(Beginning of Excerpted data)
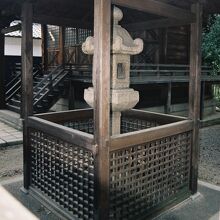 三大神社、重文の石灯籠。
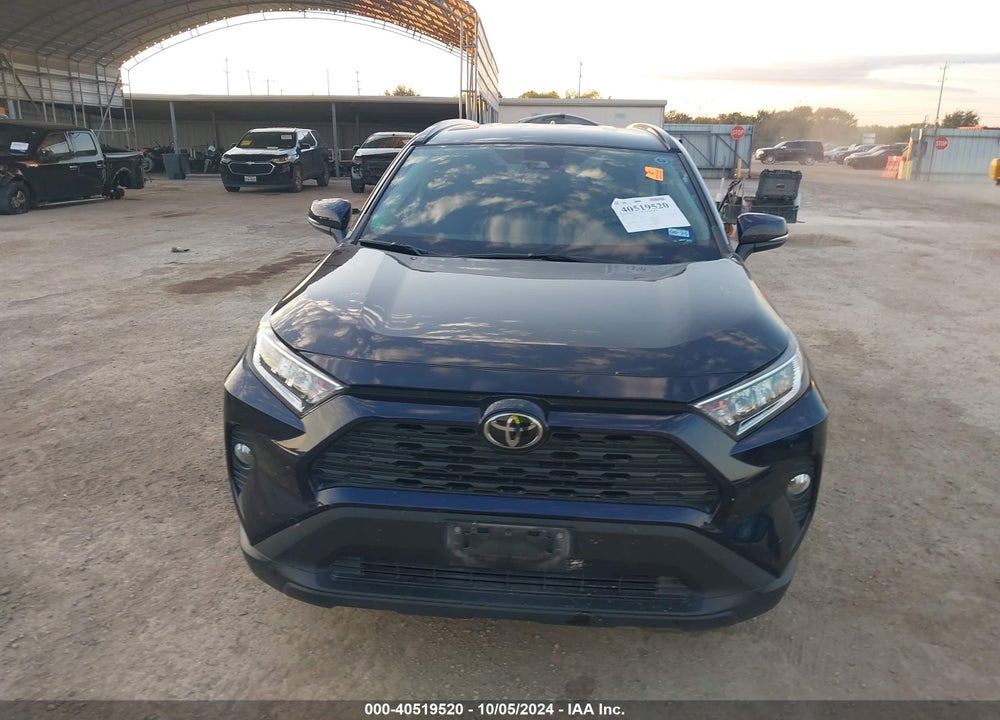 2020 TOYOTA RAV4 XLE VIN: 2T3W1RFVXLC055345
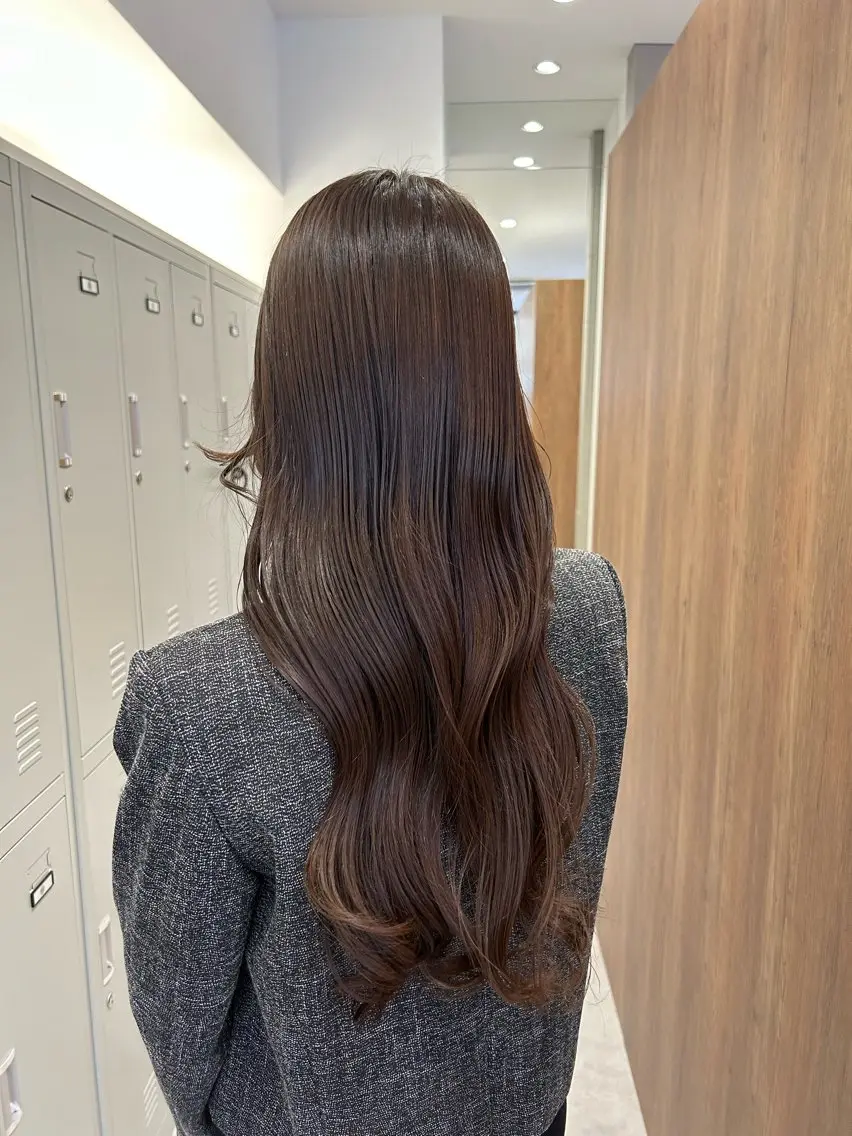 ロング カット ヘアカラー 鳥越 彩乃のヘアスタイル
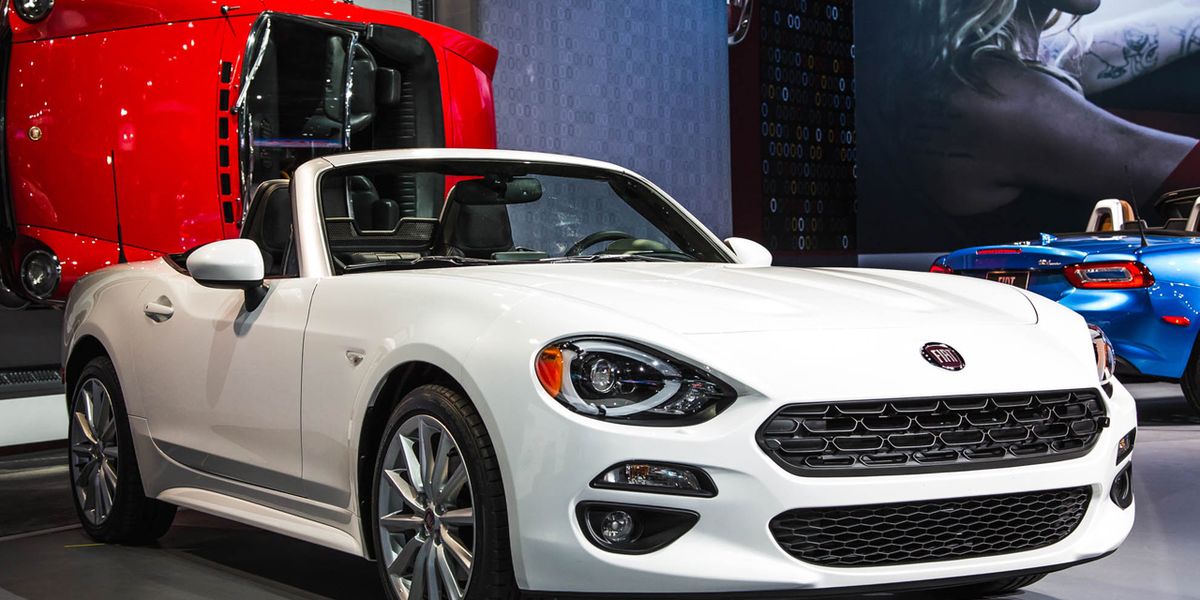 17 Fiat 124 Spider Photos And Info 11 News 11 Car And Driver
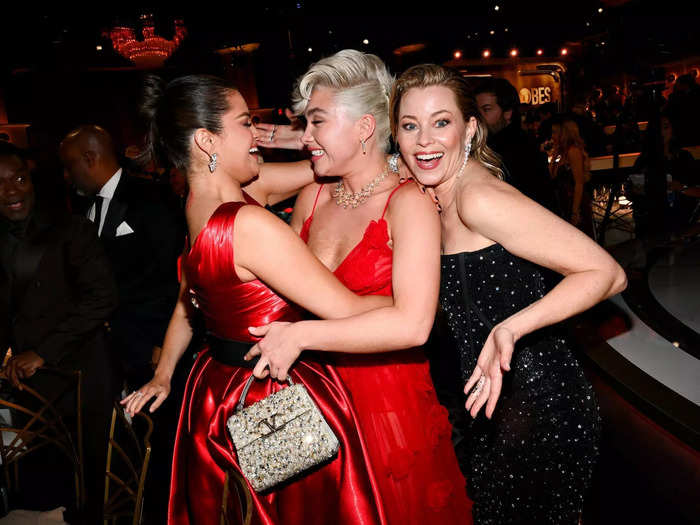 Elizabeth Banks photobombed Selena Gomez and Florence Pugh.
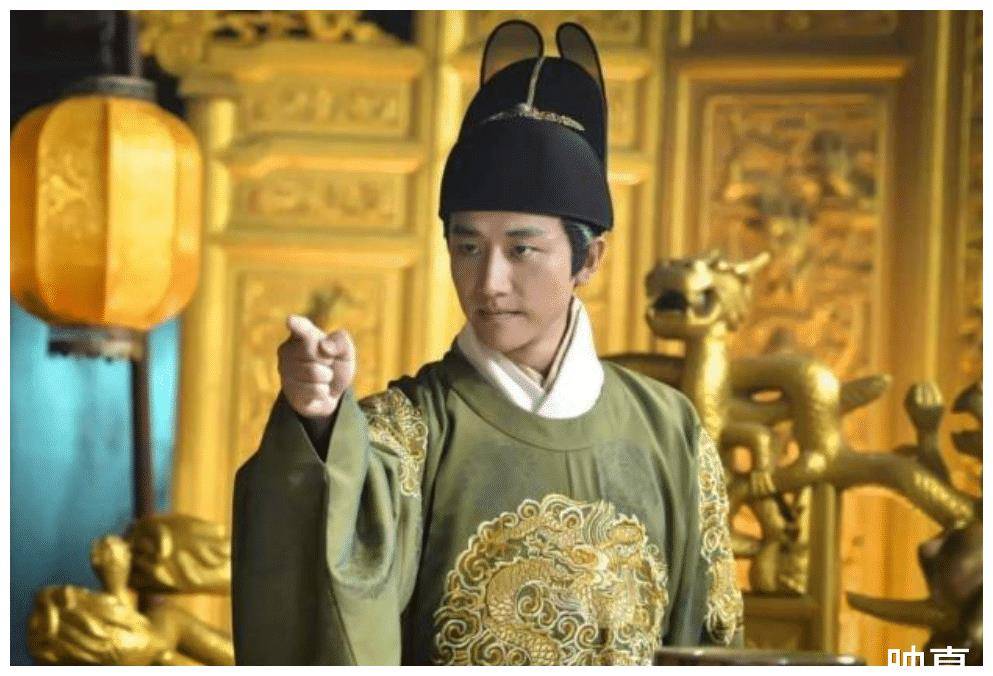 此人比和珅贪，贪污了人民币四千亿，最终被老大活剐3357刀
(End of Excerpted data)
Pictures excluded, print only the lines from the one with "ロング カット ヘアカラー 鳥越 彩乃のヘアスタイル" through the end of the entries above, exactly as written.

Reply to the task:
 ロング カット ヘアカラー 鳥越 彩乃のヘアスタイル
 17 Fiat 124 Spider Photos And Info 11 News 11 Car And Driver
 Elizabeth Banks photobombed Selena Gomez and Florence Pugh.
 此人比和珅贪，贪污了人民币四千亿，最终被老大活剐3357刀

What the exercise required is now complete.